— Przerobiłeś tu wszystko — mówię. — Dlaczego?
W jego głosie brzmi mimowolny uśmiech, chociaż twarz kukły niczego nie wyraża. — Pomyślałem sobie, że chętnie powitasz jakąś zmianę.
Wchodzę głębiej do pokoju i znowu się zatrzymuję. — Zabrałeś materac?
— Nie jest nam porzebny. Bob. Jak widzisz, mam za to nową, dość tradycyjną kozetkę.
— Hm.
— Spróbuj się może położyć — zachęca mnie. — Zobacz, jak się na niej czujesz.
— Hm. — Układam się jednak bardzo ostrożnie. Czuję się dziwnie i nie podoba mi się to wszystko, prawdopodobnie dlatego, że to pomieszczenie jest dla mnie ostoją rzeczowości, a każda zmiana napawa mnie niepokojem. — Na macie były paski — skarżę się.
— Na kozetce też są. Trzeba je tylko wyciągnąć z boków. Sprawdź.. o, właśnie. Lepiej tak. Bob?
— Nie.
— Wydaje mi się. Rób — mówi spokojnie — że to mnie powinieneś zostawić decyzję, czy z określonych względów terapeutycznych nie są wskazane pewne zmiany.
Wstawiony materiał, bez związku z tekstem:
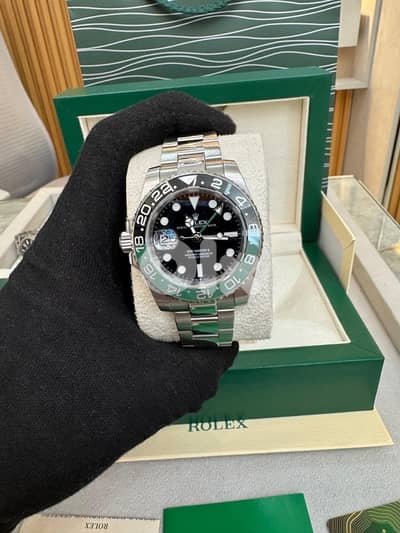 Rolex GMT Master II Sprite premium replica
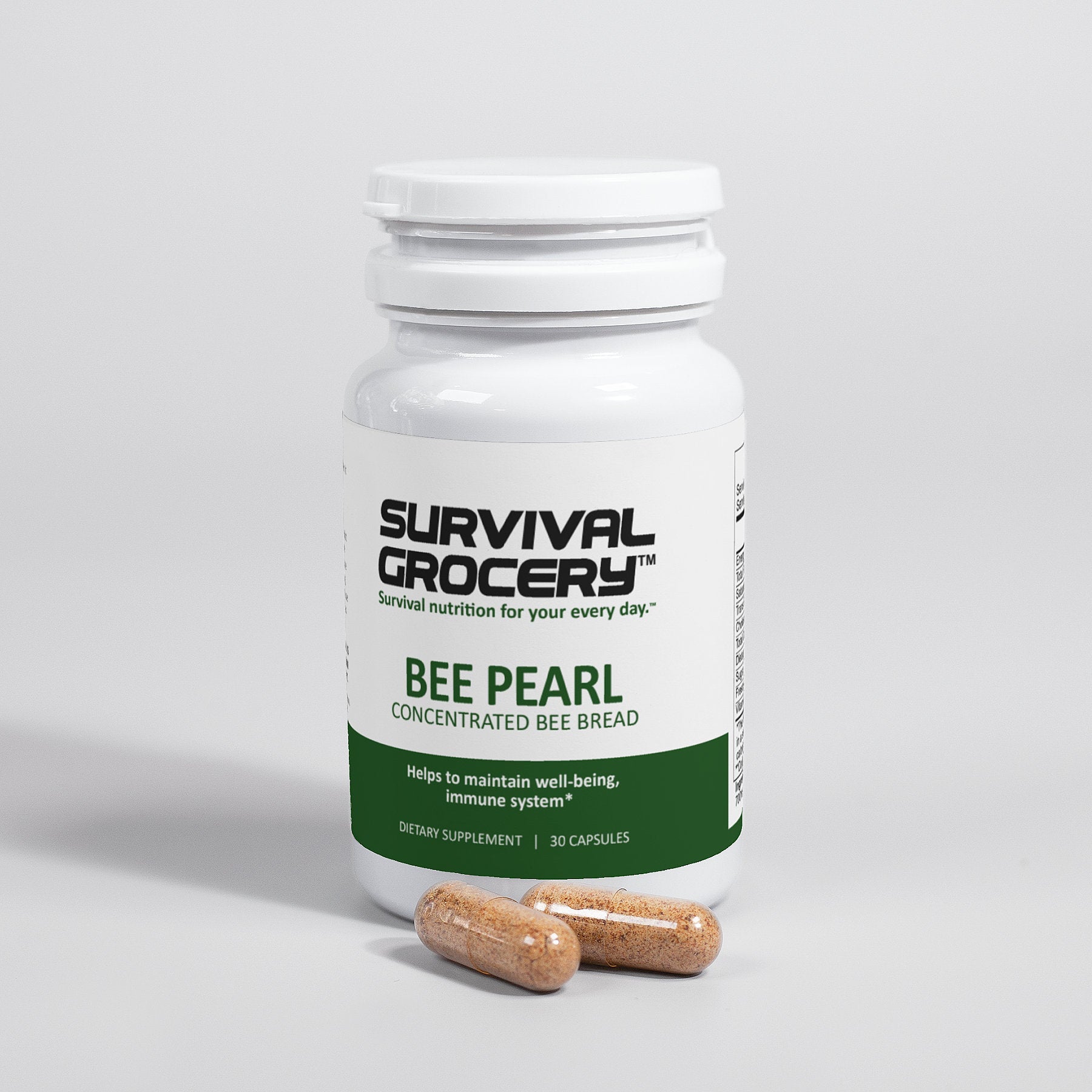 Cápsulas Bee Pearl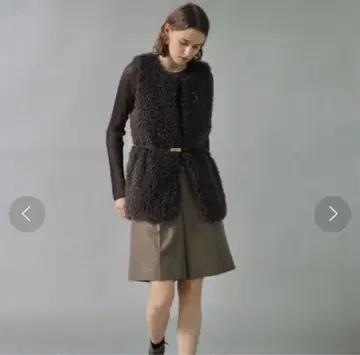 CADUNE 카듀네 컨셔스 시어 니트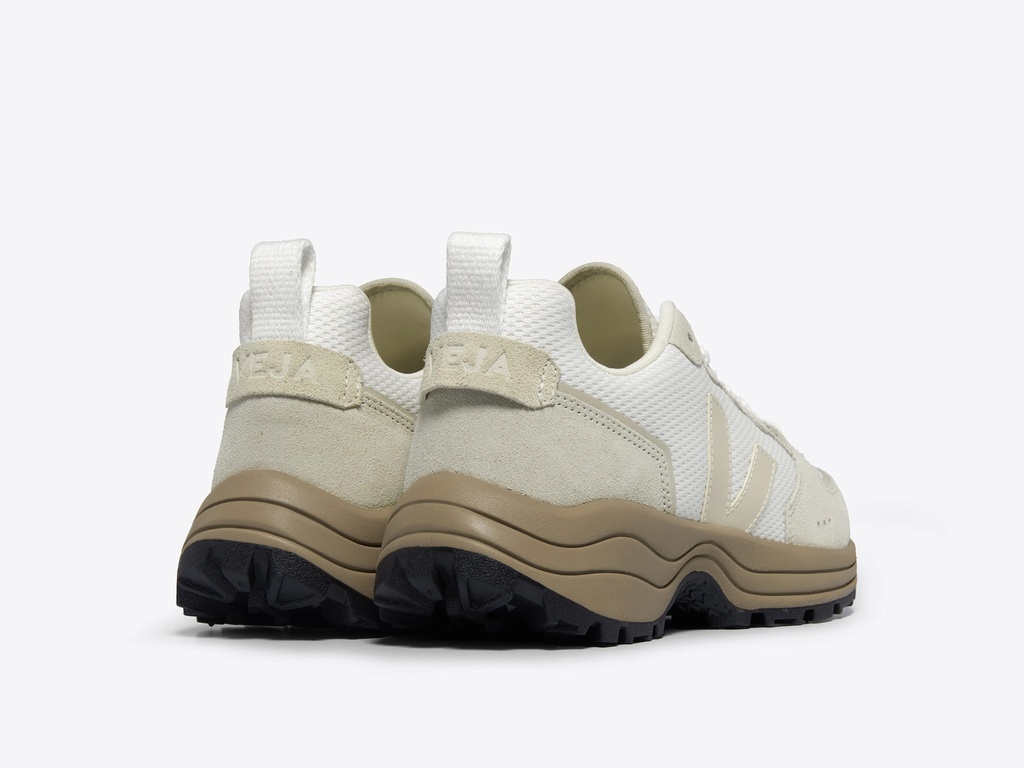VEJA skór VENTURI II ALVOMESH WHITE PIERRE DUNE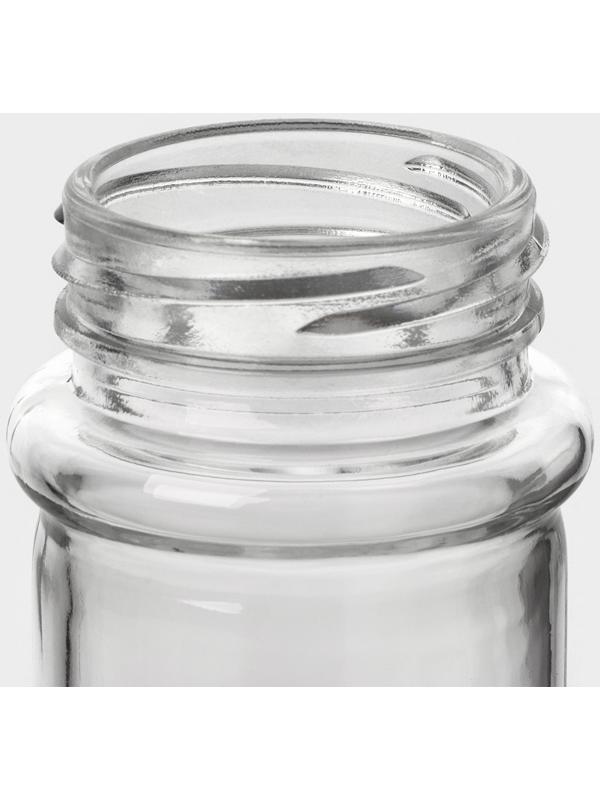 Дозатор трехпозиционный, 115 мл, цвет красный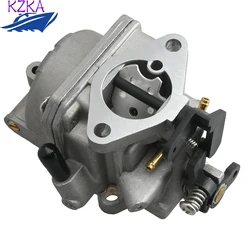 Carburetor 3H6-03200-0 For Tohatsu Nissan 4hp 5hp Boat Motor Mercury 4hp 2.5hp 4 Stroke Engine Replaces Parts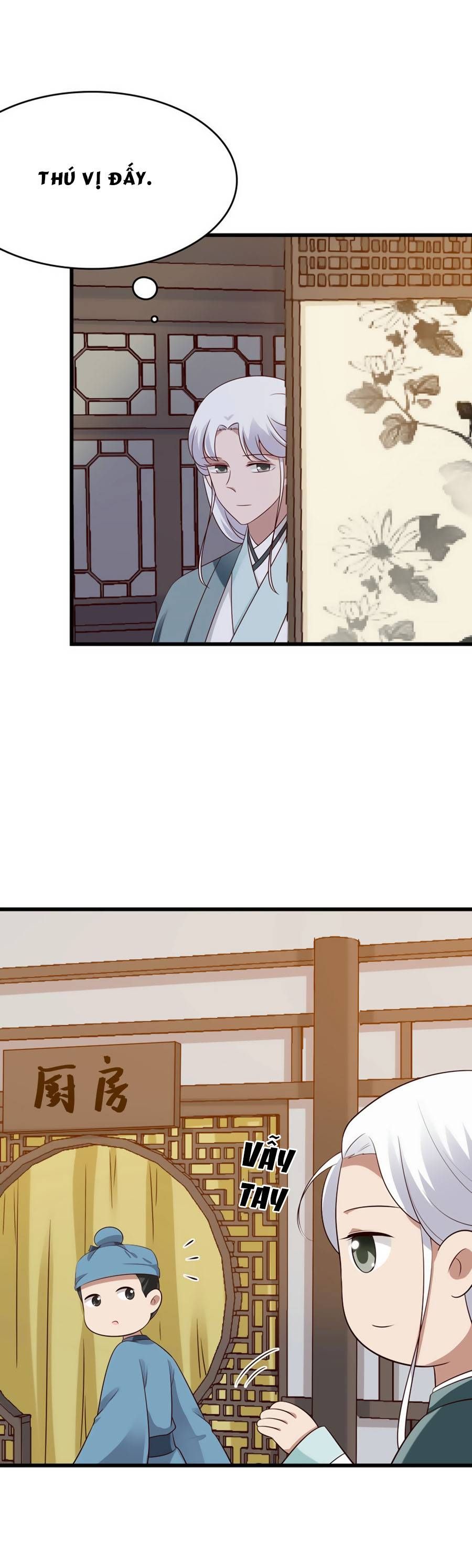 kiêu ngạo vương gia chủng điền phi chapter 137 14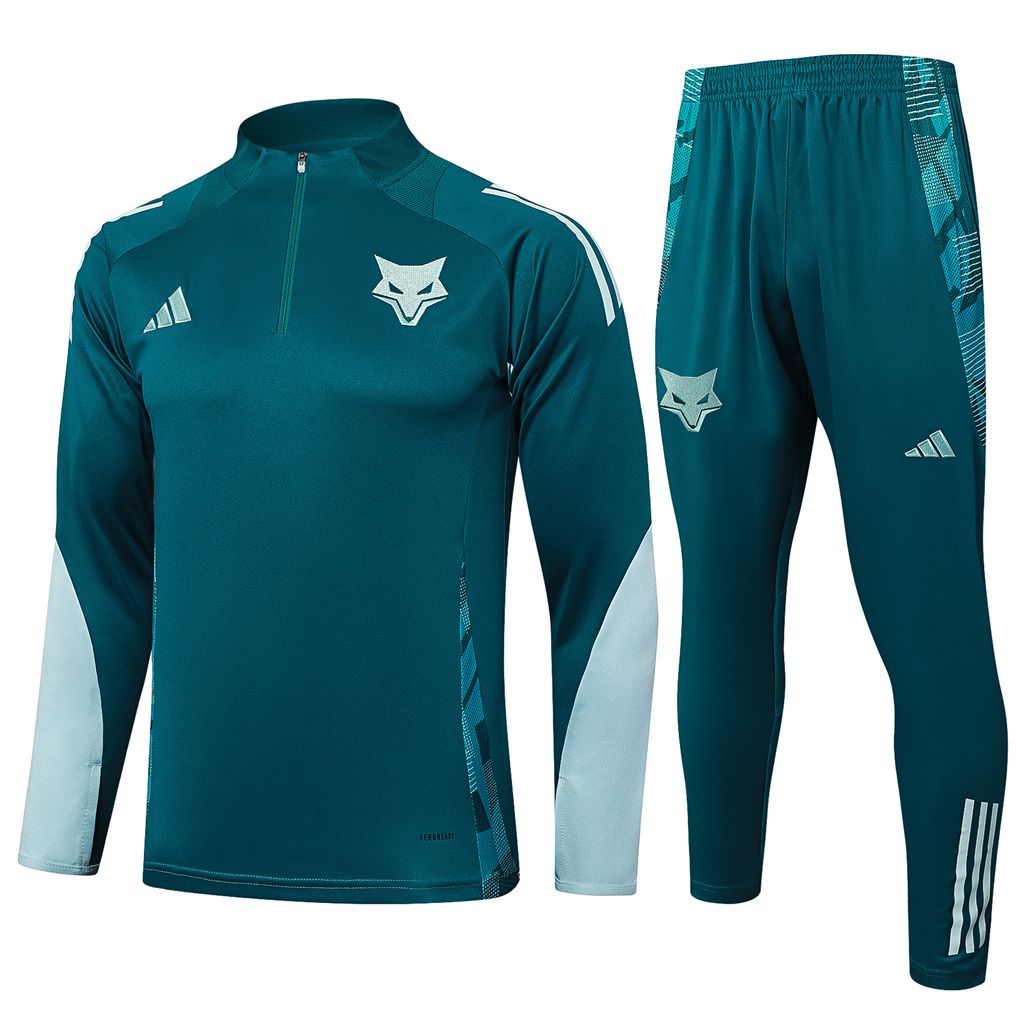 Cruzeiro Training Jersey Suit 24/25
Podnoszę się. — I jeszcze jedno, Sigfrid! Zdecyduj się do cholery, jak będziesz się do mnie zwracać. Nie nazywam się ani Rob, ani Robbie ani też Bob. Mam na imię Robinette.
— Wiem, Robbie.
— Znowu zaczynasz!
Milczy przez moment i po chwili mówi jedwabistym głosem: — Pozwól, że to ja zdecyduję, jak mam cię nazywać, Robbie.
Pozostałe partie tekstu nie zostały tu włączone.